AWS Free Datasets: Part 1 by Max Vapor Pump (MTXVP)

AWS Free Datasets: Part 1

Jan 24, 2024 | mtxvp

dataset opendata

AWS Open Data Sponsorship Program hosts number of datasets on S3 that are free to download and use in your next ML or Data Science projects.

It is always a good practice to check data set licenses and related documentation to determine if a data set may be used for you application.

Let's look at 4 datasets out of that list:

📓 Common Crawl

A corpus of web crawl data composed of over 50 billion web pages.

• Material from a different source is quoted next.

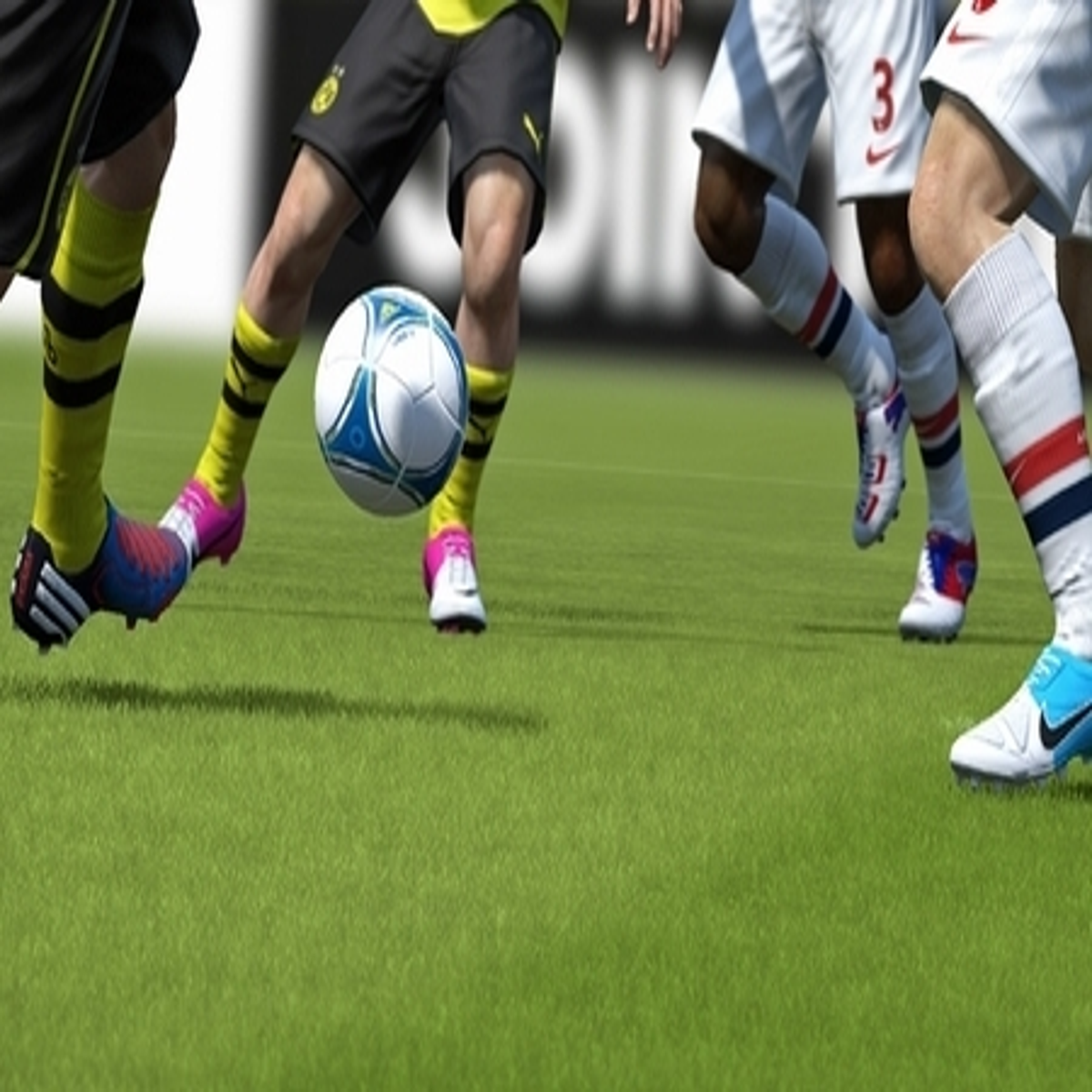 FIFA 13: Guide to the Confirmed English Premier League Player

Licence: Common Crawl Terms of Use
Update frequency: monthly
Documentation

📕 Amazon Berkeley Objects Dataset

Collection of 147,702 product listings with multilingual metadata and 398,212 unique catalog images. 8,222 listings come with turntable photography (also referred as "spin" or "360º-View" images), as sequences of 24 or 72 images, for a total of 586,584 images in 8,209 unique sequences. For 7,953 products, the collection also provides high-quality 3d models, as glTF 2.0 files.

Licence: CC BY-NC 4.0
Update frequency: not updated
Documentation

📘 BodyM Dataset

Large public body measurement dataset for 2,505 real subjects, paired with height, weight and 14 body measurements, including height, weight, gender, silhouette images of subject and more.

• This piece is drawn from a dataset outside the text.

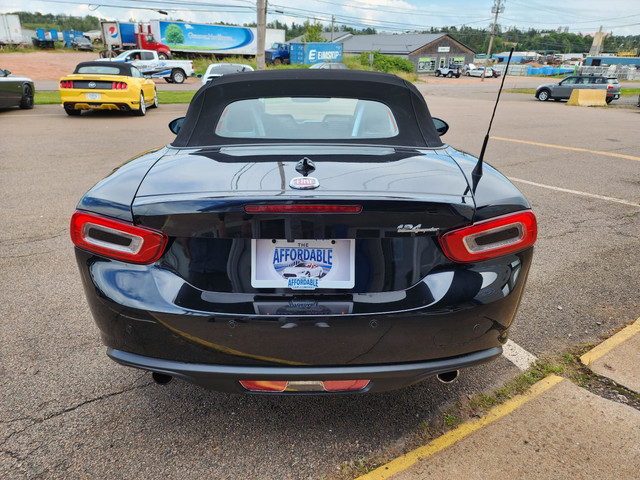 2017 Fiat 124 Spider Lusso in Cars & Trucks in Charlottetown - Image 4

Licence: Creative Commons Attribution-Non Commercial 4.0 International Public License
Update frequency: not updated
Documentation

📗 Google Books Ngrams

N-grams are fixed size tuples of items. In this case the items are words extracted from the Google Books corpus. The n specifies the number of elements in the tuple, so a 5-gram contains five words or characters. The n-grams in this dataset were produced by passing a sliding window of the text of books and outputting a record for each new token.

Licence: Creative Commons Attribution 3.0 Unported License
Update frequency: not updated
Documentation